LAS palabras del anciano Simeón dirigidas a María, la Madre de Jesús, que recoge san Lucas en su evangelio anunciando que aquel Niño será «signo de contradicción» han resonado a lo largo de la historia de la Iglesia de formas diversas, y una de las que ha tenido mayor continuidad ha sido el martirio de tantos cristianos que, movidos por el amor a Dios, han dado testimonio de su fe derramando su sangre. Esta realidad ha ido cobrando mayor importancia a medida que nos acercamos a los tiempos actuales. El siglo XX ha sido calificado como «el siglo de los mártires», ya que durante este siglo el hecho martirial ha tenido una incidencia mayor que en toda la historia de la Iglesia. El estudioso David B. Barrett sostiene, en la Christian World Encyclopedy, que durante los últimos veinte siglos ha habido cerca de cuarenta millones de mártires:26.685.000 de ellos son del siglo pasado. La zona geográfica más representada es la antigua Unión Soviética, a la que pertenece el 70% de estos mártires. En segundo lugar, aparecen los testigos de la fe durante la guerra civil española, y en menor número, cristianos de Asia, África y, algunos, de Hispanoamérica, en especial, de América Central.

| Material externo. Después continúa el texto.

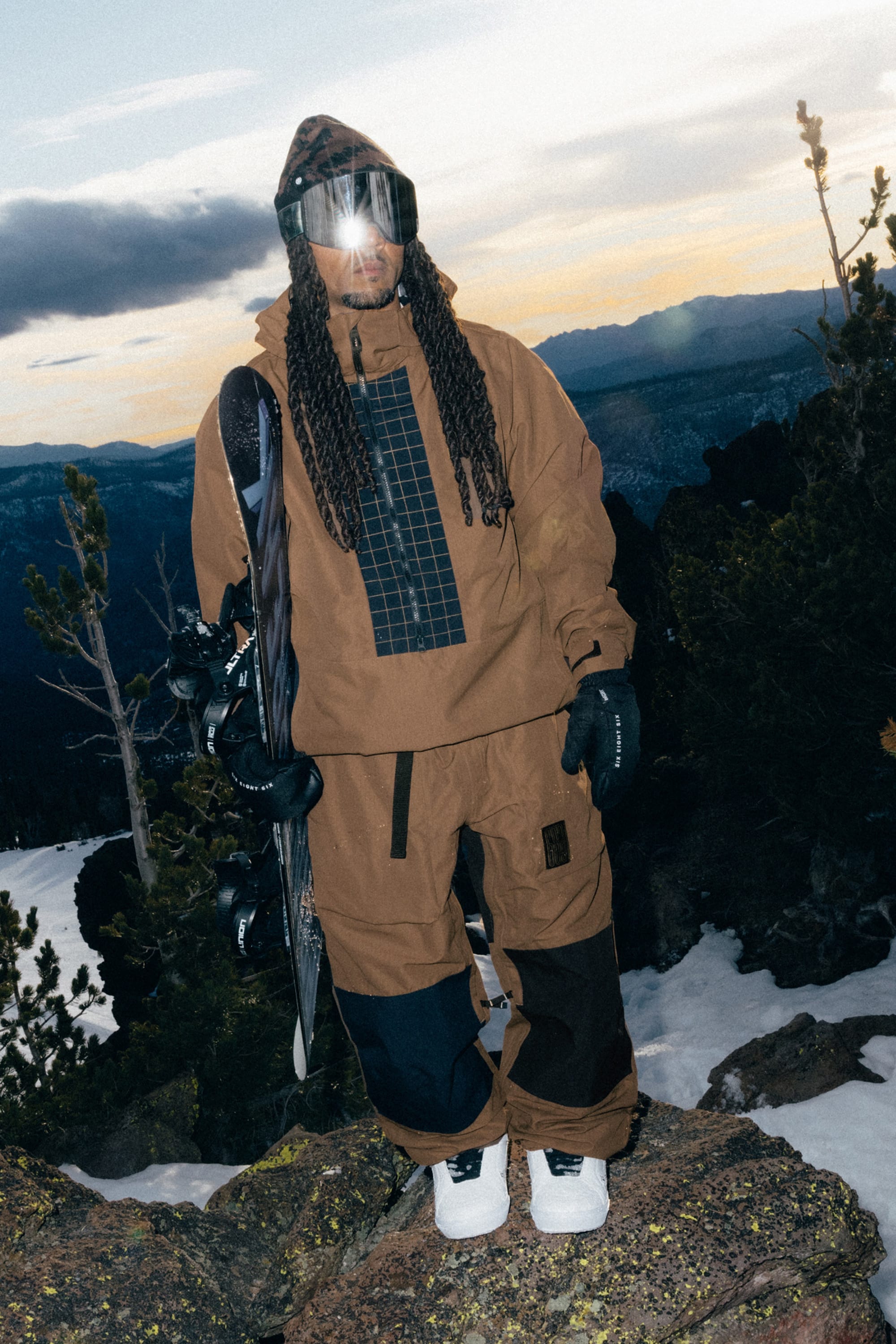 【24-25】 686 GHOST 2.5レイヤー 上下セットアップ 686 Ghost™ 2.5L Pant – 686.com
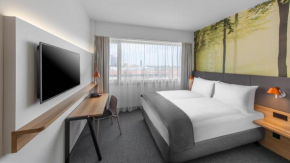 Гостиница Holiday Inn Munich - Leuchtenbergring, an IHG Hotel  Мюнхен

En la modernidad después de haber proclamado el triunfo de la razón, cuando se alardeaba que había llegado la hora de la libertad y de la tolerancia, bajo el imperativo del laicismo se rechazó la presencia de la religión en la vida política, después se ridiculizó toda perspectiva cultural o científica que tuviera una cierta impronta de una visión teocéntrica del mundo, y finalmente, en aras de esta misma libertad, se persiguió a todo aquel que profesaba una religión que afirmara que el Dios su fe era el único Dios verdadero. Con una argumentación análoga se declara un derecho el aborto y la eutanasia, se impone la ideología de género, y se quiere prohibir la objeción de conciencia.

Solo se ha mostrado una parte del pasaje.